(Short text fragments from websites)
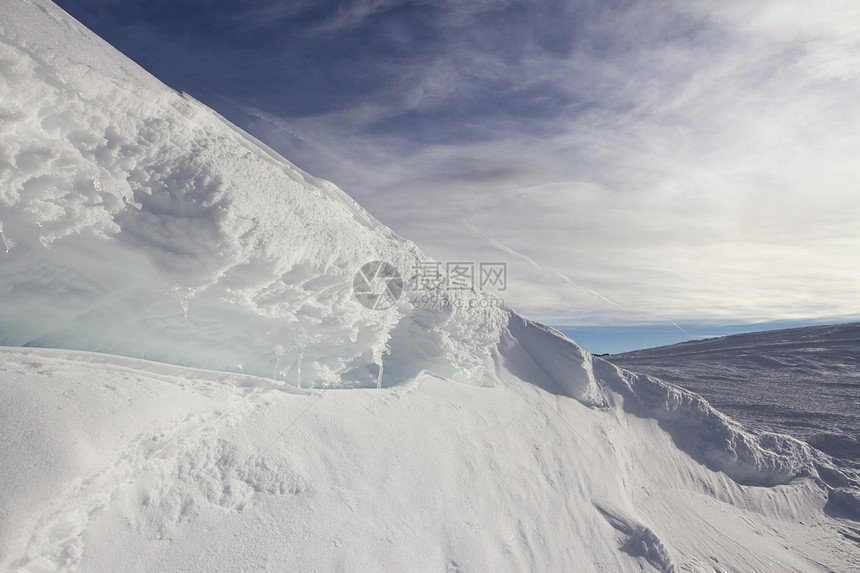 冬季风景季节旅游旅行滑雪板管道图片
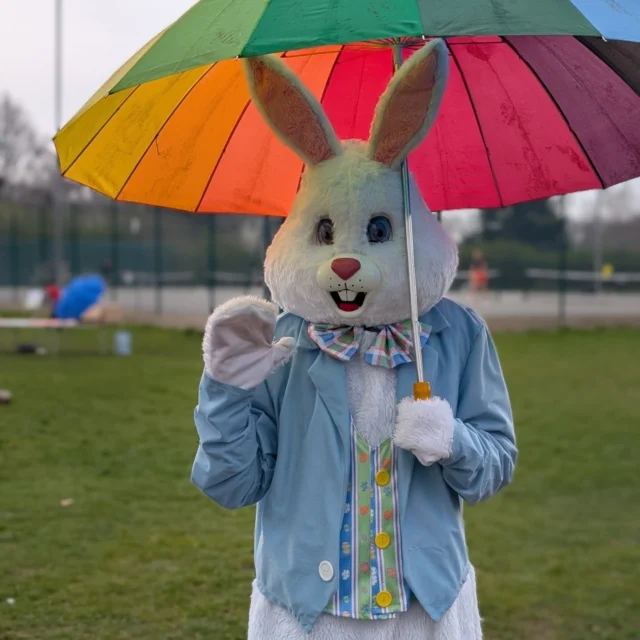 Thank you to all those who came and supported the Easter Treasure Trail - the event raised just over £10,000 for @thefriendsofclaphamcommon and for the 'Routes' programme run by @omnibustheatre . 

A huge thank you to our sponsors @houseofkilliknorthcote
and our partners @bestofclaphamldn @kidsedencamp @thedessertdeli @thecoffeecommunitylondon @monkeymusicclaphamandbattersea @marksandspencerfood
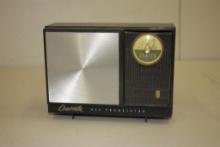 VINTAGE ZENITH CONVERTA TRANSISTOR PORTABLE RADIO, ROYAL 50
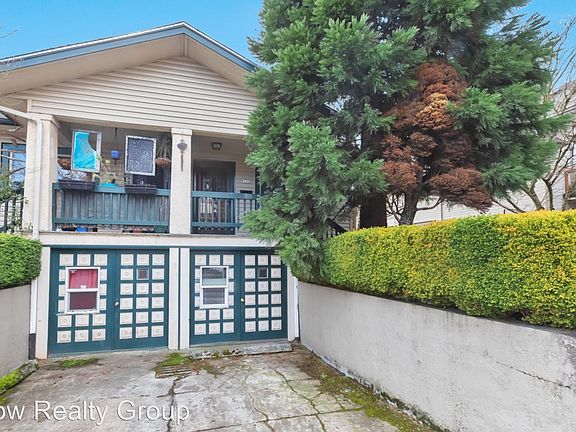 2nd image of 8120 N Jersey St #8122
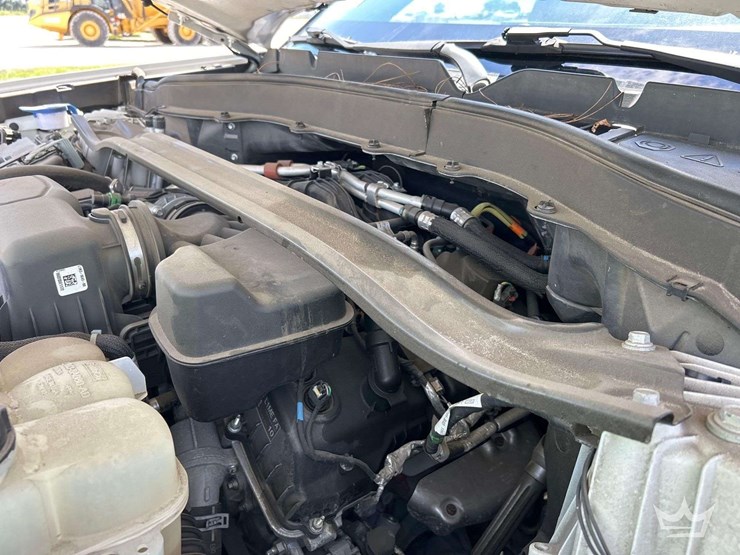2020-ford-explorer-image-9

§ EXERCISE
Print out every record above exactly as given. Do not include the pictures.

§ RESPONSE
 冬季风景季节旅游旅行滑雪板管道图片
 Thank you to all those who came and supported the Easter Treasure Trail - the event raised just over £10,000 for @thefriendsofclaphamcommon and for the 'Routes' programme run by @omnibustheatre . 

A huge thank you to our sponsors @houseofkilliknorthcote
and our partners @bestofclaphamldn @kidsedencamp @thedessertdeli @thecoffeecommunitylondon @monkeymusicclaphamandbattersea @marksandspencerfood
 VINTAGE ZENITH CONVERTA TRANSISTOR PORTABLE RADIO, ROYAL 50
 2nd image of 8120 N Jersey St #8122
2020-ford-explorer-image-9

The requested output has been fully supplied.